◆ Action item
With the pictures left aside, write out exactly the lines of the listing below from the line with "A bamboo cheese" to the line with "Afghan and Iraqi", both included, and only those.
[Opening Available data section]
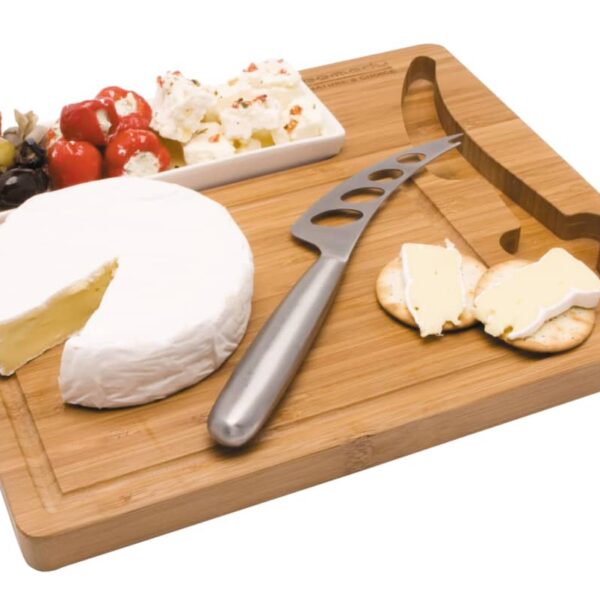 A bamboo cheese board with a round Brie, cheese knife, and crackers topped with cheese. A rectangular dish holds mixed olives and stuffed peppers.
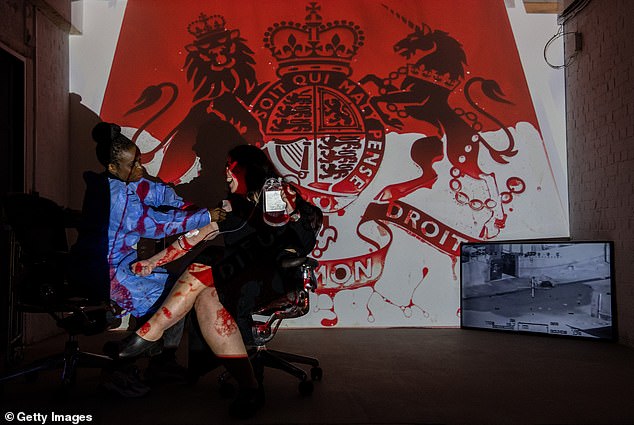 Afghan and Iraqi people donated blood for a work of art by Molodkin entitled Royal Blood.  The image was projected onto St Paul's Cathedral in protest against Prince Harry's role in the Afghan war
[Closing Available data section]
[Opening Available data section]
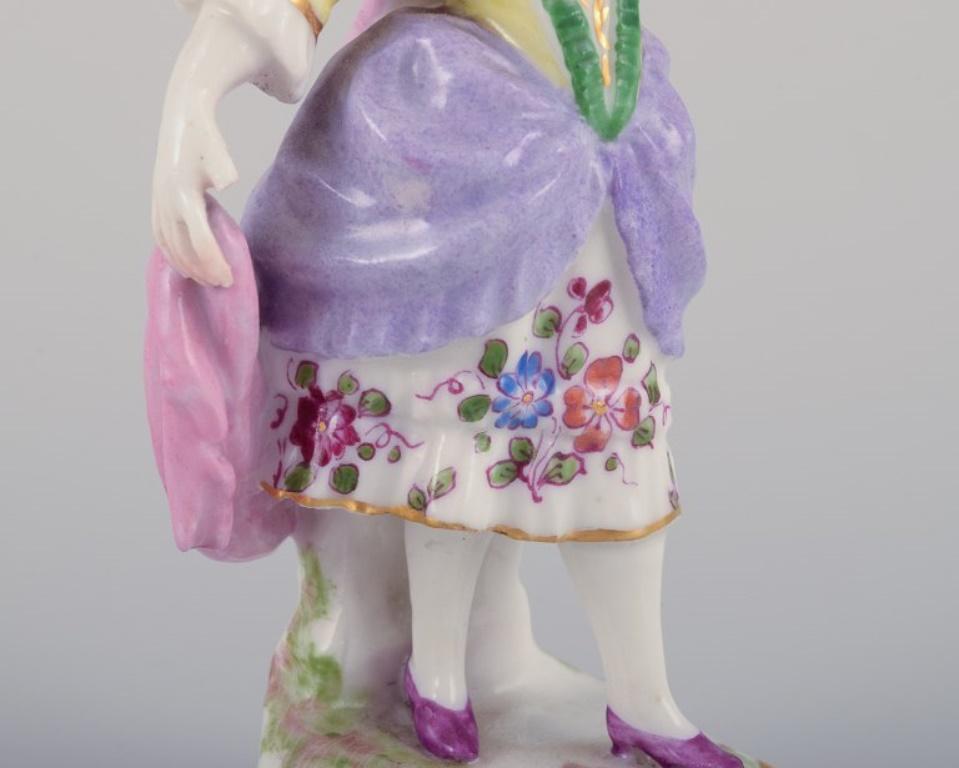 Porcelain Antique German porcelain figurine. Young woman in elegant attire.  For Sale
[Closing Available data section]
◆ Answer box
 A bamboo cheese board with a round Brie, cheese knife, and crackers topped with cheese. A rectangular dish holds mixed olives and stuffed peppers.
 Afghan and Iraqi people donated blood for a work of art by Molodkin entitled Royal Blood.  The image was projected onto St Paul's Cathedral in protest against Prince Harry's role in the Afghan war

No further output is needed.